Every IPL season, millions of Indians prepare for cricket.
But quietly…
our wallets prepare for impact.
Food orders increase.
Subscriptions increase.
Online shopping increases.
Screen time increases.
And honestly…
IPL may now be one of India’s biggest “emotional spending” seasons.
Recent reports show massive spikes in food ordering during IPL matches, with burgers overtaking biryani as the most ordered item this season. One user reportedly placed 34 separate orders during the tournament.
Because somewhere between:
“Last over thriller”
and
“Bro order something…”
financial discipline quietly leaves the chat.
And this is what makes modern spending dangerous.
It no longer feels like spending.
It feels like:
- entertainment
- convenience
- reward
- participation
One food order feels harmless.
One subscription feels affordable.
One “limited-time offer” feels justified.
But repeated emotionally over weeks…
small spending becomes silent financial leakage.
The scary part is:
most people don’t even notice it happening.
Because digital payments have made spending frictionless.
There’s no physical cash leaving our hands anymore.
Just:
- one tap
- one swipe
- one UPI sound
And psychologically, that changes behavior.
IPL has also become one of the biggest digital advertising ecosystems in India, with brands aggressively competing for attention across streaming, AI sponsorships, food delivery, and e-commerce.
Which means during IPL season…
we are not just watching cricket.
We are constantly being encouraged to:
- order
- upgrade
- consume
- spend
And honestly…
that’s not necessarily wrong.
The problem begins when entertainment spending becomes emotionally automatic.

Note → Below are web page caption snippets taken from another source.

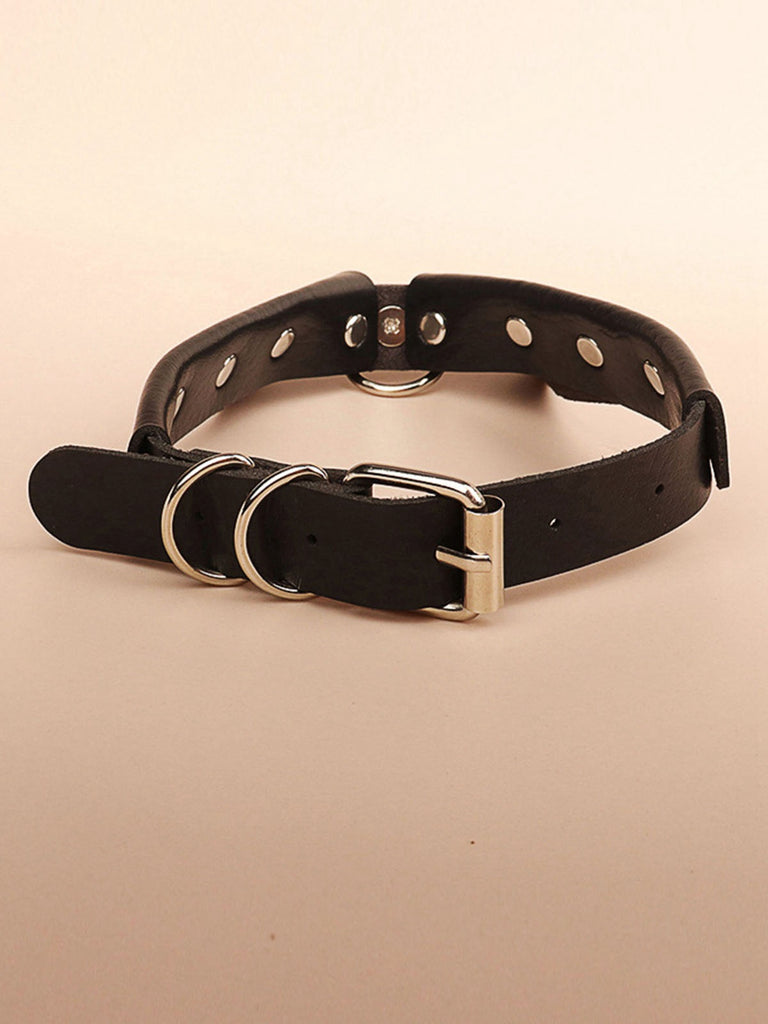 Halloween Gothic Kunstleder Kragen Choker Halskette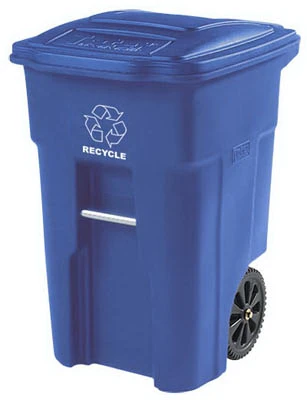 Recycle Cart, Blue, Wheeled, 48 Gallon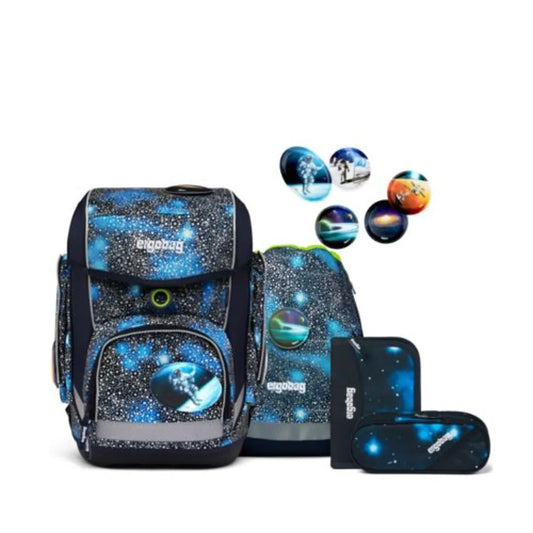 ergobag CUBO SPECIAL Schulrucksack-Set Bär Anhalter durch die Galaxis, 5-teilig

Because financial stress rarely comes from one massive purchase.
It usually comes from:
small emotional decisions repeated consistently.
That extra food order.
That unnecessary subscription.
That “match-time offer.”
That impulsive online cart.
Individually harmless.
Collectively expensive.
Maybe the real financial skill today is not avoiding spending completely.
Maybe it’s simply becoming aware of:
when we are spending intentionally…
and when we are spending emotionally.
Because in today’s digital world…
attention is being monetized constantly.
And sometimes…
our wallets are reacting faster than our brains.
Final Thought
Some people watch IPL.
Some people financially participate in it without realizing it.
And there’s a very expensive difference between the two.